INPUT RECORDS Block Start

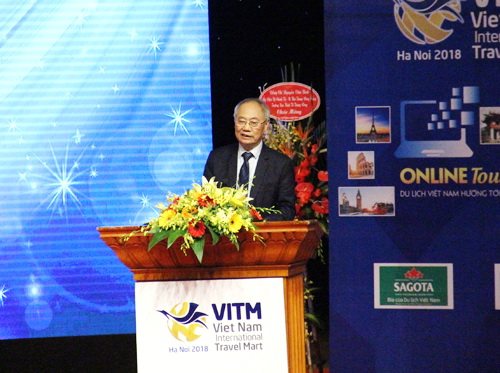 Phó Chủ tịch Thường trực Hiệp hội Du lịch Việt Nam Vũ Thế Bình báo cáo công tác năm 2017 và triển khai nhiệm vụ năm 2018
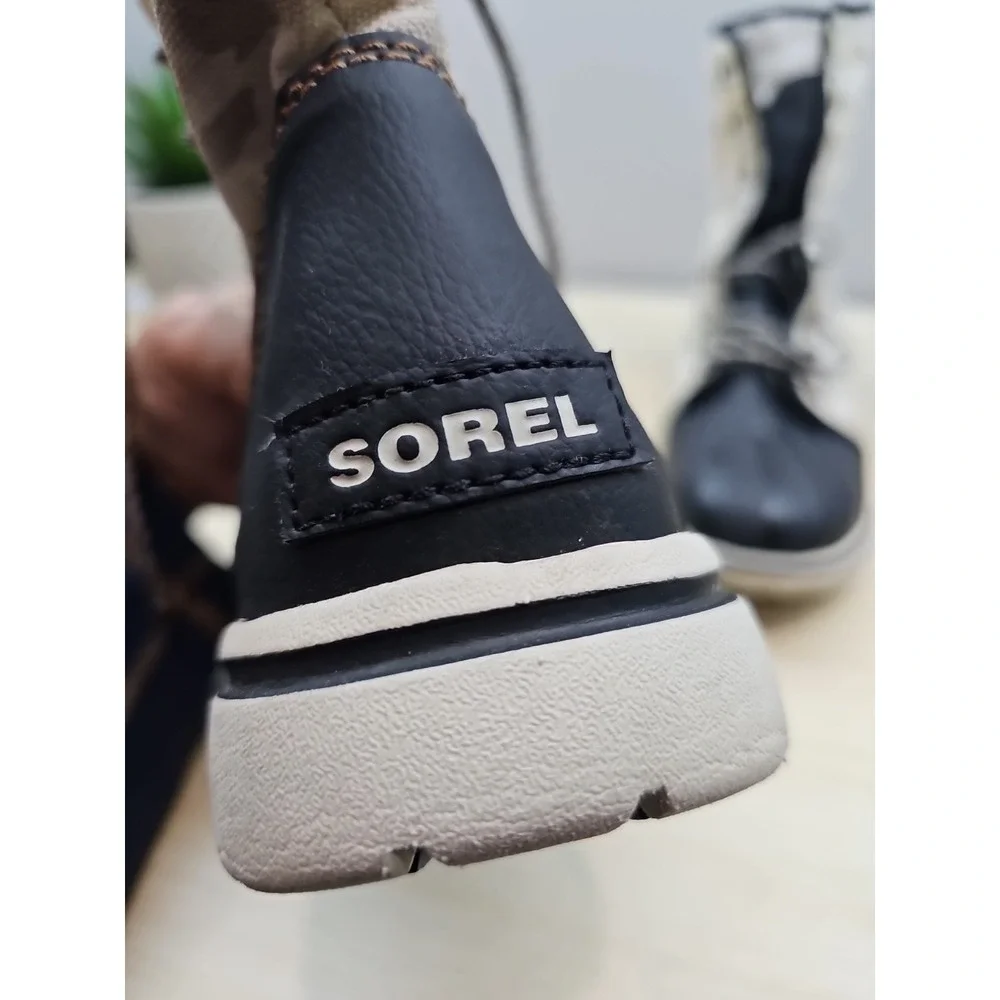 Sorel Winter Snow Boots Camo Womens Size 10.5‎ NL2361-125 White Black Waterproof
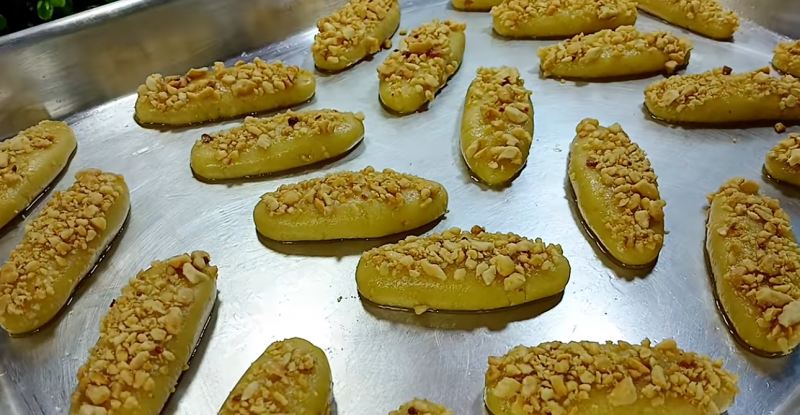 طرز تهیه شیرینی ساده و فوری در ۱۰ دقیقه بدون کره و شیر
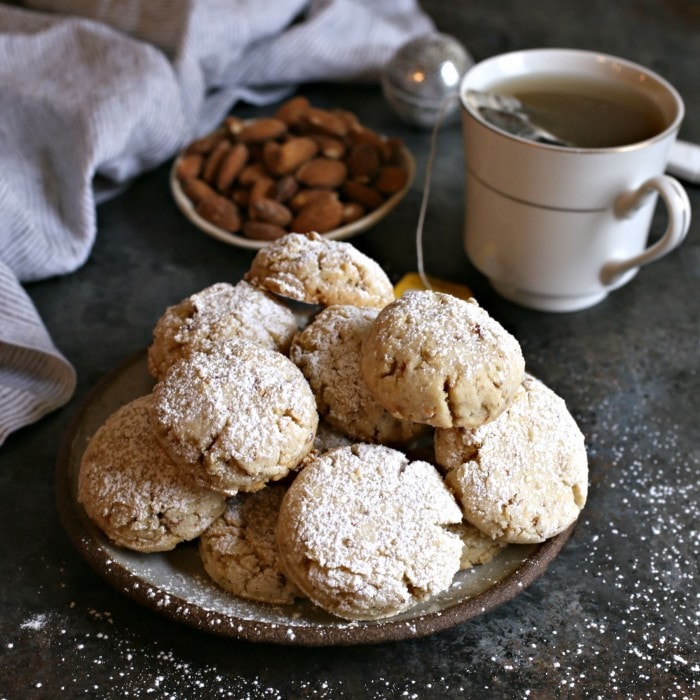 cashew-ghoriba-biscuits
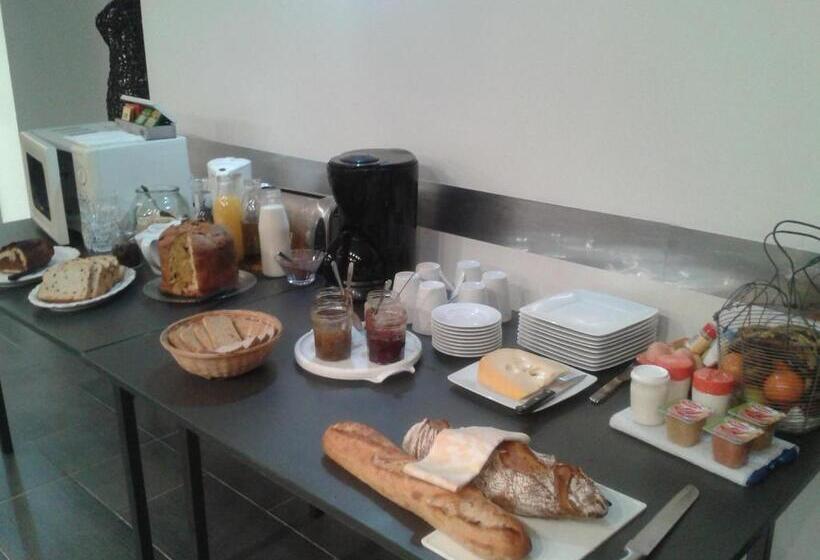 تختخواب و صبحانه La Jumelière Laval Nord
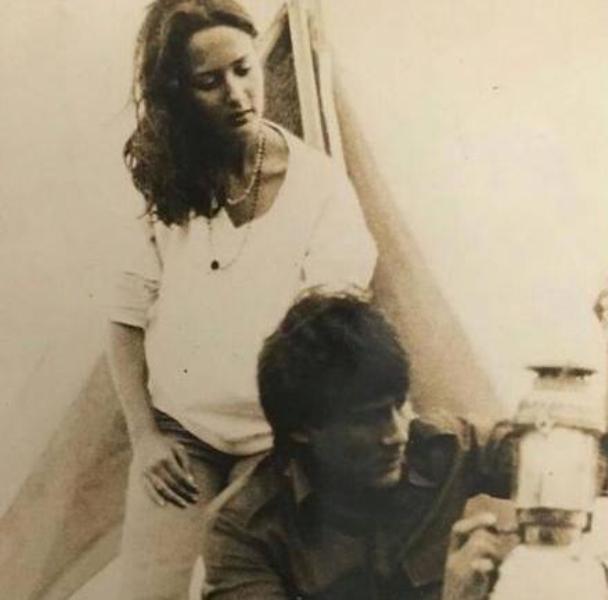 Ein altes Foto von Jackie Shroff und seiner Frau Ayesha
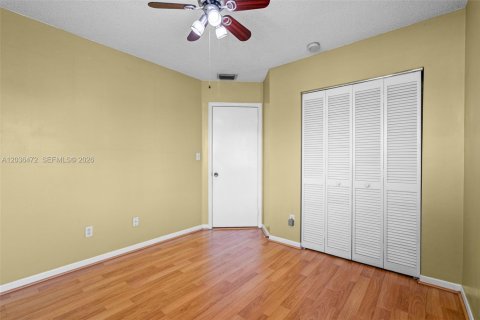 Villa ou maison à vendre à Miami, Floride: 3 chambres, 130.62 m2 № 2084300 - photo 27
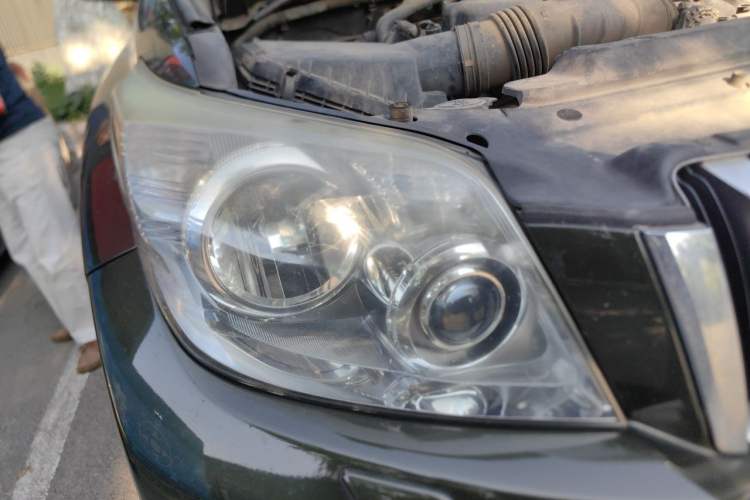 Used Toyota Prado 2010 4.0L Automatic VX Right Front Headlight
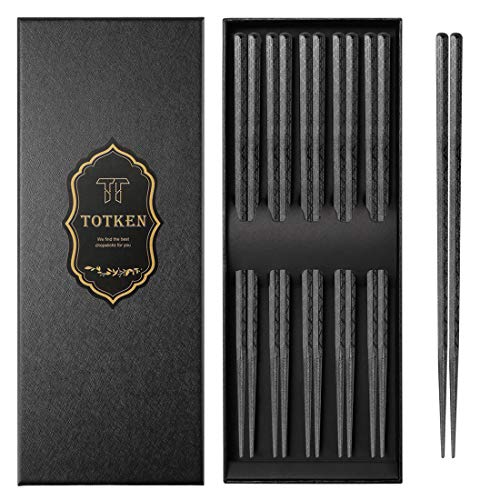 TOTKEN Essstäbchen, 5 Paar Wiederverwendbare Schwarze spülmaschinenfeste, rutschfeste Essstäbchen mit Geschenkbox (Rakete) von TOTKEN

INPUT RECORDS Block End

HOW TO COMPLETE THIS TASK |
Copy every line of the data word for word, omitting the images.

EXERCISE RESULT |
 Phó Chủ tịch Thường trực Hiệp hội Du lịch Việt Nam Vũ Thế Bình báo cáo công tác năm 2017 và triển khai nhiệm vụ năm 2018
 Sorel Winter Snow Boots Camo Womens Size 10.5‎ NL2361-125 White Black Waterproof
 طرز تهیه شیرینی ساده و فوری در ۱۰ دقیقه بدون کره و شیر
 cashew-ghoriba-biscuits
 تختخواب و صبحانه La Jumelière Laval Nord
 Ein altes Foto von Jackie Shroff und seiner Frau Ayesha
 Villa ou maison à vendre à Miami, Floride: 3 chambres, 130.62 m2 № 2084300 - photo 27
 Used Toyota Prado 2010 4.0L Automatic VX Right Front Headlight
 TOTKEN Essstäbchen, 5 Paar Wiederverwendbare Schwarze spülmaschinenfeste, rutschfeste Essstäbchen mit Geschenkbox (Rakete) von TOTKEN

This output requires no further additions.